Pela primeira vez, ele se vira para ela. Se olharam por algum tempo, silentes. Ela respondeu:
-Eu sou Rebeca. Uma mulher que ama a si mesma antes de mais nada.
-Eu conheço o seu joguinho... Quer que eu saia daqui, tem medo que eu me jogue daqui, não tem?
-Eu, medo? Por que eu teria medo? Eu nem te conheço, cara. Quem devia ter medo é você. Durante a queda, você estará vivo. Pode bater fortemente com a cabeça, ou qualquer outro membro do seu corpo numa dessas pedras pontiagudas antes de cair no chão mais duro que existe nesta condição: o mar.
Imagine se a morte te evitar e você agonizar naquelas águas bravias e geladas? Imagine o arrependimento. Imagine o quanto será tarde demais.

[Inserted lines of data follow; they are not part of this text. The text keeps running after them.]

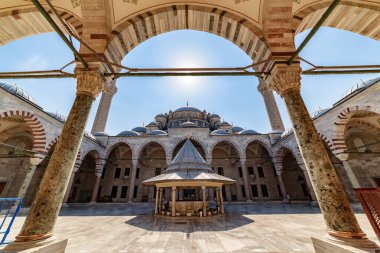 Türkiye 'nin İstanbul kentindeki Fatih Camii' nin avlusundaki abdest çeşmesi. Osmanlı İmparatorluk Camii dünyadaki turistler ve hacılar arasında popüler bir yerdir..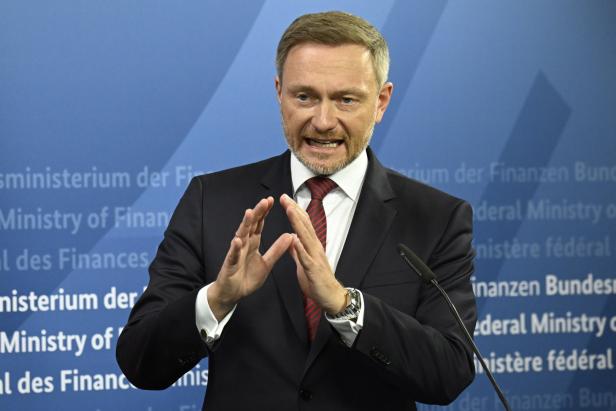 Deutsche Koalitionsspitzen tagen, um Ampel-Ausfall zu verhindern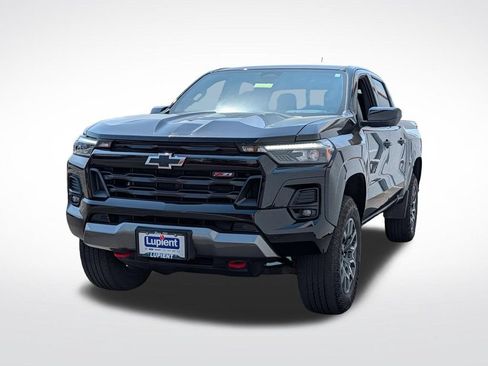 Used 2023 Chevrolet Colorado Z71 w/ Z71 Convenience Package 2 AWD/4WD image 9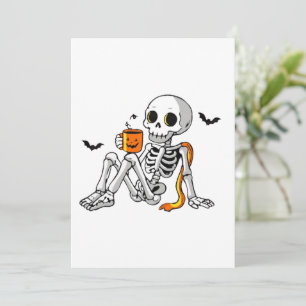 Invitación Taza de esqueleto de Halloween acogedor con café y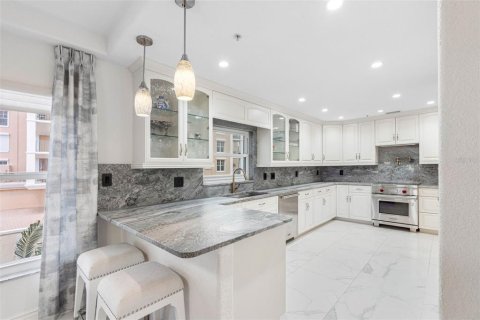 Condo in Treasure Island, Florida, 3 bedrooms  № 2098159 - photo 19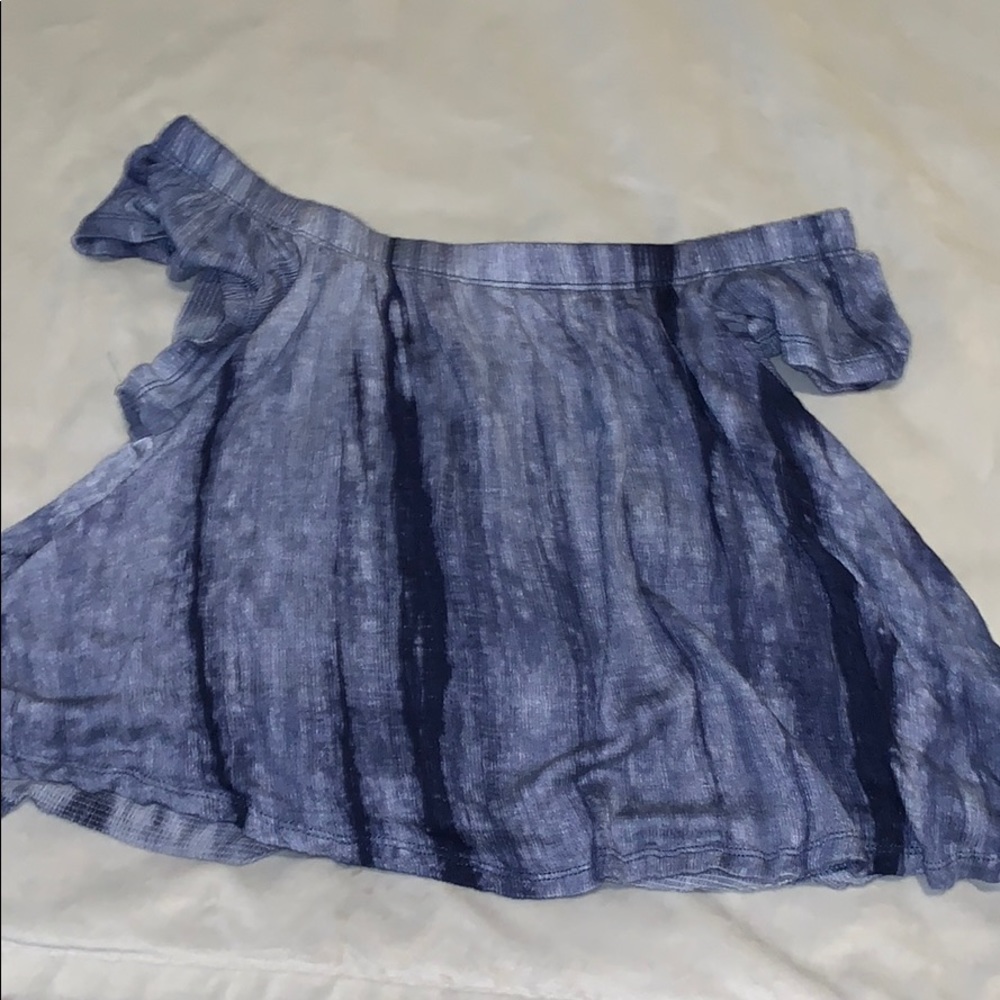 blue off shoulder crop top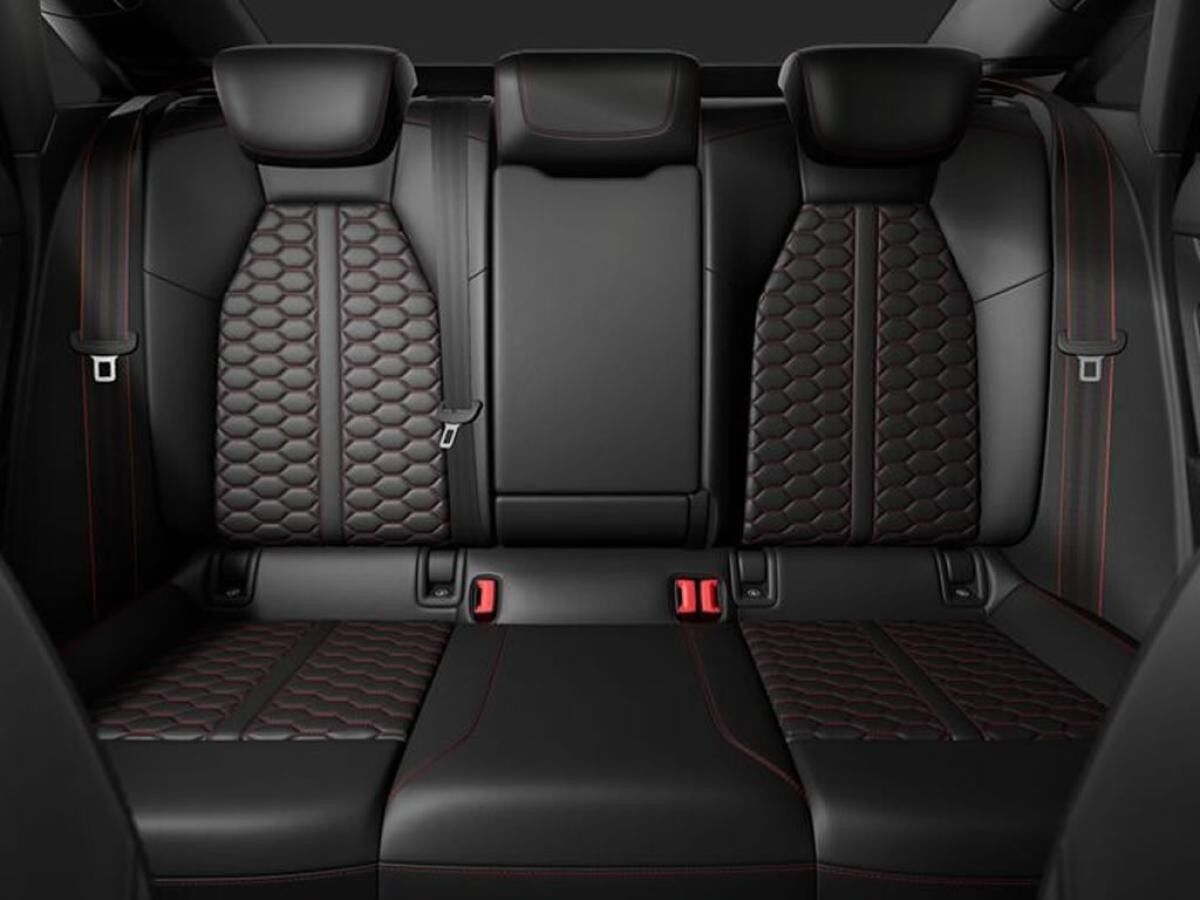 Audi RS3 RS 3 Limousine S tr. Vmax280 HUD PANO RS-Abg 360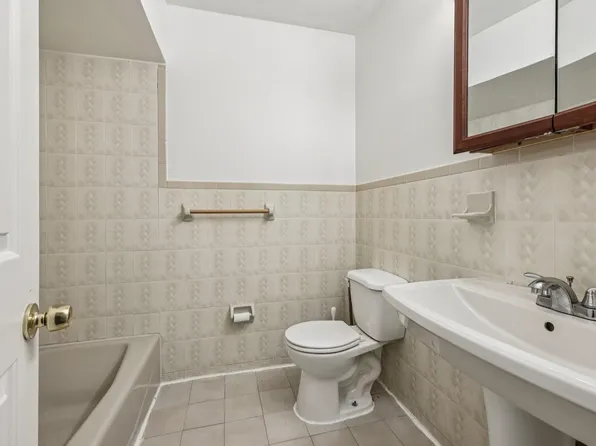 492 Pavonia Avenue image 12 of 25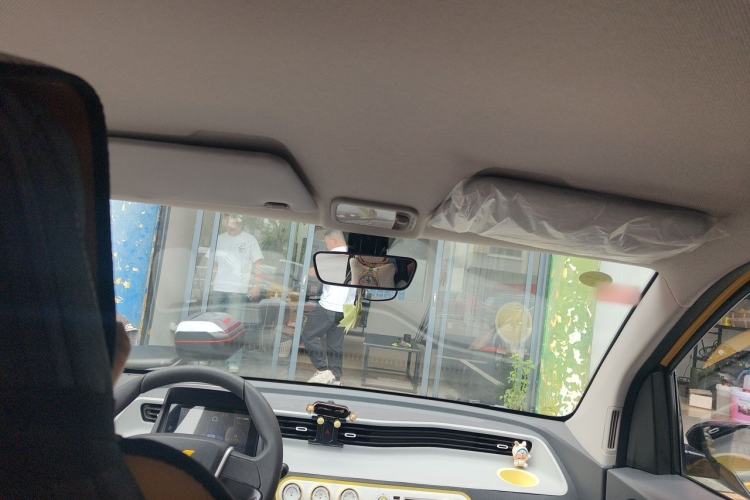 Used Wuling Hongguang MINIEV 2022 Macaron Premium Model – Lithium Ternary Battery Headliner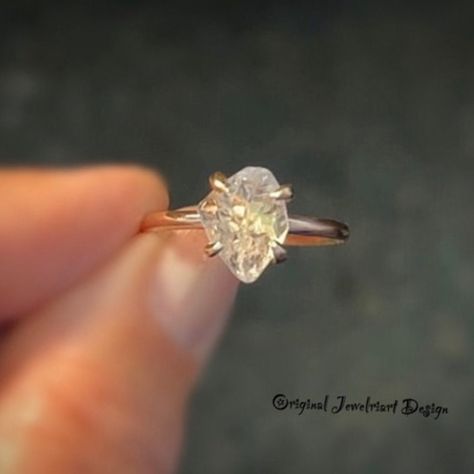 Raw Quartz Engagement Ring, Wedding Rings Raw Stone, Uncut Stone Engagement Ring, Raw Stone Diamond Engagement Rings, Raw Cut Diamond Ring, Raw Cut Diamond Engagement Ring, Raw Cut Wedding Ring, Raw Rock Engagement Ring, Rough Cut Diamond Ring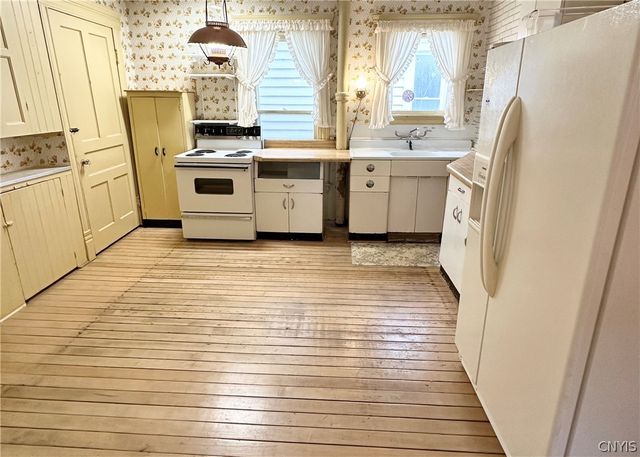 751 Allen Street, Syracuse, NY 13210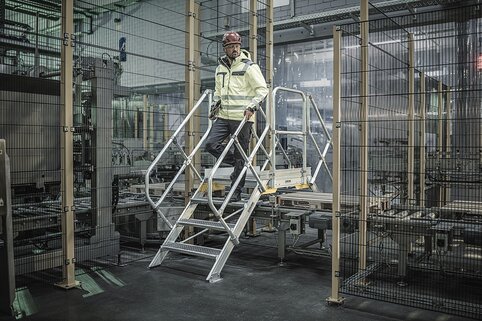 Les passerelles et les escaliers peuvent être assemblés individuellement à l'aide du configurateur de produits de Munk Günzburger Steigtechnik et, grâce à leur conception modulaire, ils peuvent également être modifiés et agrandis de manière flexible si nécessaire. | © MUNK GmbH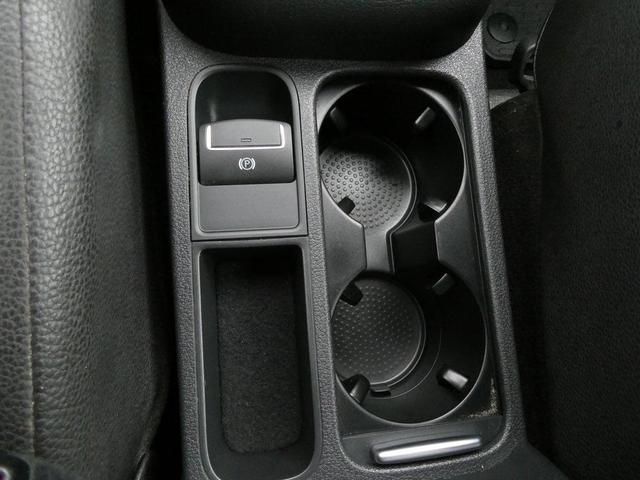 Photo of 2013 Candy White Volkswagen Tiguan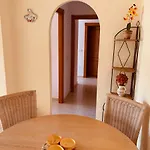아파트 Lmha 09 Marinesco 2, 2 Bedroom, 2 Bathroom With Pool View 라망가델마르메노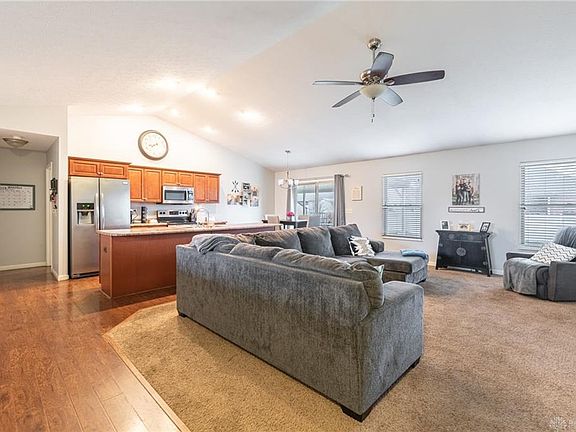 4th image of 304 Deep Woods Ct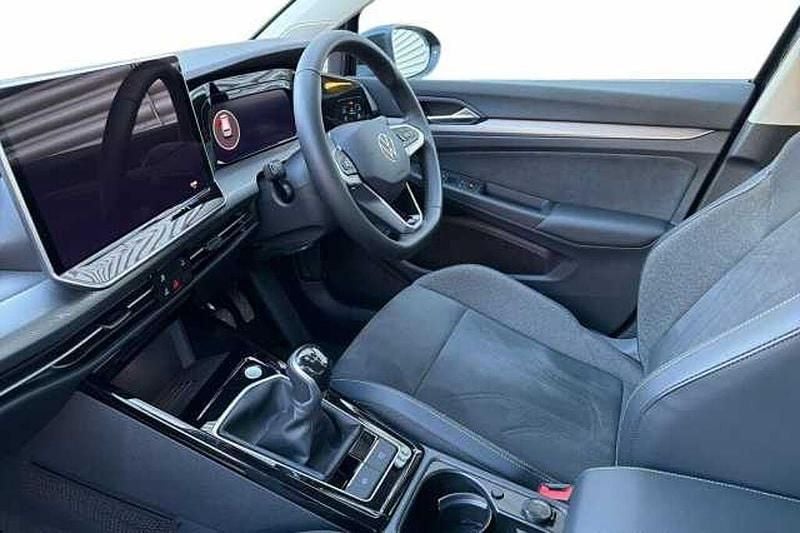 Used VW Golf VIII Style 150 HP (110 kW) 2025 Black Hatchback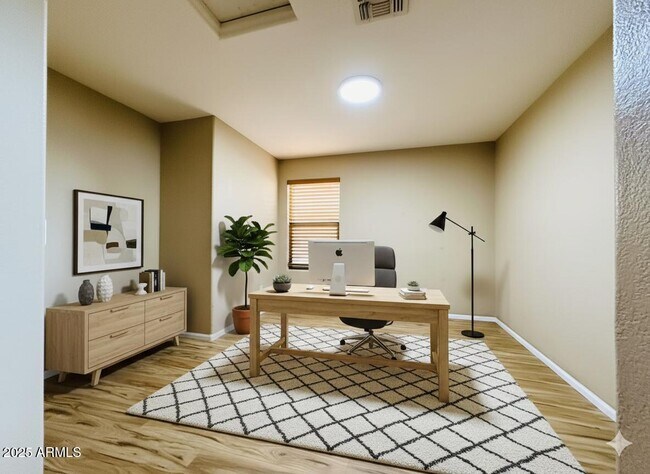 Building Photo - 8119 S 47th Ln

-Eu não quero imaginar nada disso.
-Já imaginou. Já visualizou. Pense no que já viveu, cara, e se morrer dessa forma... Será realmente uma morte merecida pra tu.
Ariano parou naquele instante para refletir. Rebeca cruzou os braços, com a certeza de que fora bem sucedida em sua tentativa.
-Você é psicóloga ou o que, garota?
-Ah, ela riu, Deus me livre. Eu já aprendi muito com a vida. Todos nós aprendemos, cara, todo santo dia. Seja lá o que tenha acontecido a você pra tu ter essa reação... Considere como um aprendizado, sacou?
Ariano mira novamente seu horizonte.
-Ela não me largou. Nem começamos a namorar, na verdade. Ela... Ela é só minha amiga. Quer dizer... Era. Ela se uniu ao meu maior traidor. O meu inimigo. Ela... Ela já foi motivo para o meu viver. Hoje... É o contrário.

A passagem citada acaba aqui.